Jan 27, 2011

Taiwan: US Diplomat Slams China for Opposing Visit to Taiwan

American Institute in Taiwan Chairman says Chinese pressure on U.S. Governor to cancel a visit to Taiwan is “unacceptable”

Below is an article published by Taipei Times:

American Institute in Taiwan Chairman Raymond Burghardt on Tuesday said Chinese pressure on Missouri Governor Jay Nixon to cancel a visit to Taiwan was “unacceptable” and inconsistent with Beijing’s claims it sought to improve ties with Taipei.

Nixon last month scrapped plans to visit Taiwan after a Chicago-based Chinese diplomat warned the trip could imperil a project by China to turn St Louis airport into a hub for Chinese cargo in the US.

Over the previous two years, eight US governors have visited Taiwan.

Speaking to reporters in Taipei, Burghardt called China’s actions “absolutely unacceptable.”

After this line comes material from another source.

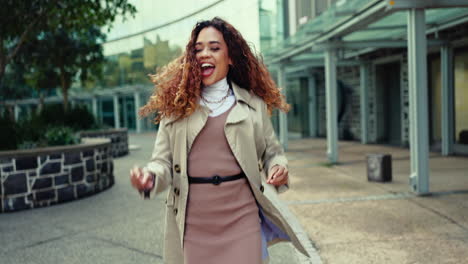 mujer, bailando y ciudad con sonrisa
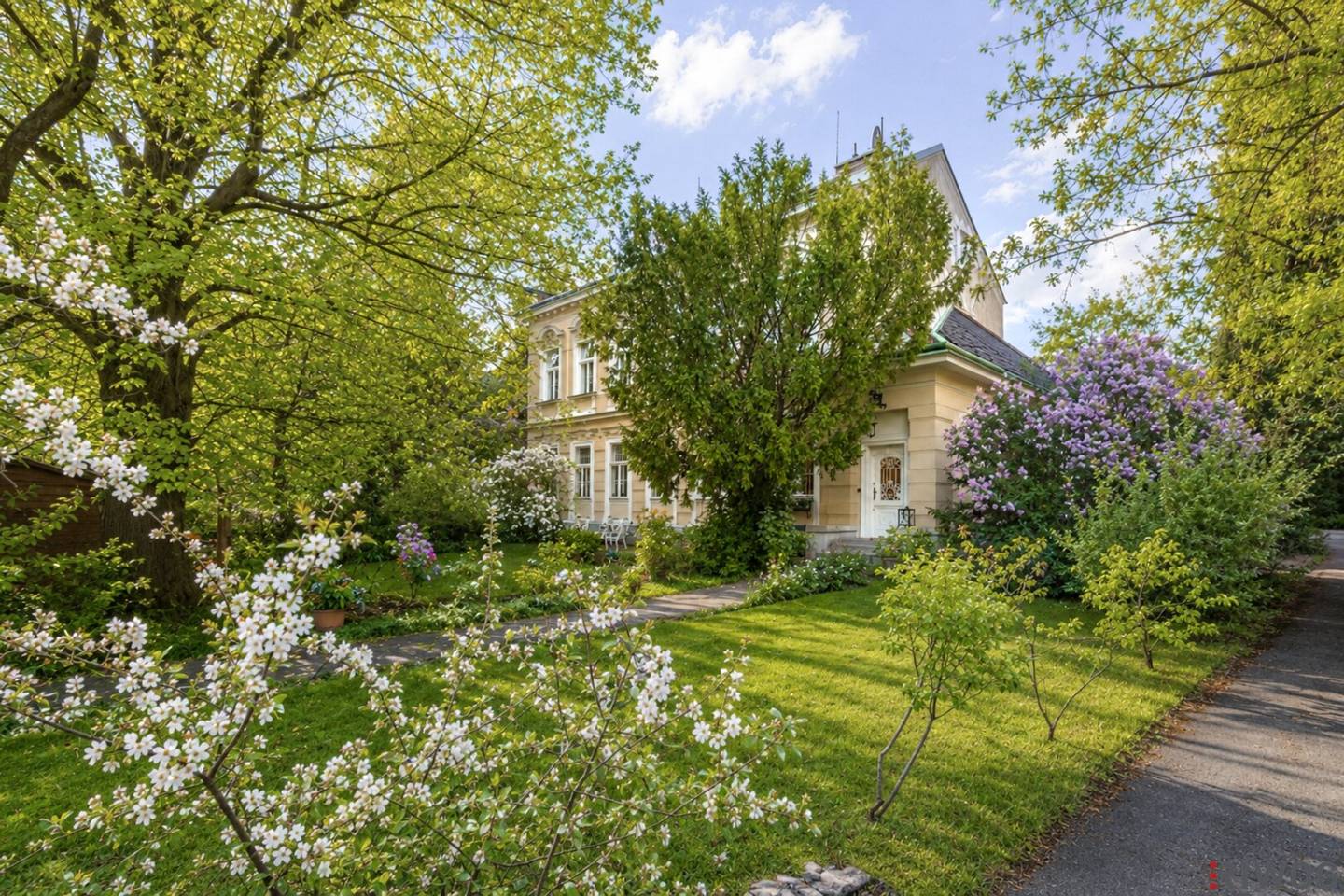 Elegant house in prime location, very large plot, 1130 Vienna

“My impression is that most American politicians, American governors, they don’t like to be pushed around that way,” he said.

Burghardt said China’s actions were at odds with the improvements in relations across the Taiwan Strait that has taken place since President Ma Ying-jeou came into office in May 2008.

“It’s ... inconsistent with all their professions of desire to improve cross-strait relations to treat Taiwan that way,” Burghardt said. “I think it’s a serious matter.”

Turning to Taiwan’s international space, Burghardt said the US “takes seriously” Taipei’s participation in international organizations and “will continue to work for ways to help Taiwan improve its international representation.”

“I think whatever we do, it probably never looks like enough. But as I said, there is a lot [that] goes on, and we do a lot,” he said

Emphasizing his point, Burghardt pointed to an instance in which Washington helped Taiwan participate in an international event — a case he said had not been made public up until now.

Working behind the scenes, the US succeeded in having the online registration system for the UN Climate Change Conference in Cancun, Mexico, last month changed so that a Taiwanese NGO delegation could register and participate without having to do so under “one China,” he said.

Prior to the change, Burghardt said, the online registration system only had one option — one that linked Taiwan to China.

“You can rest assured that we are the best friend Taiwan has,” he said.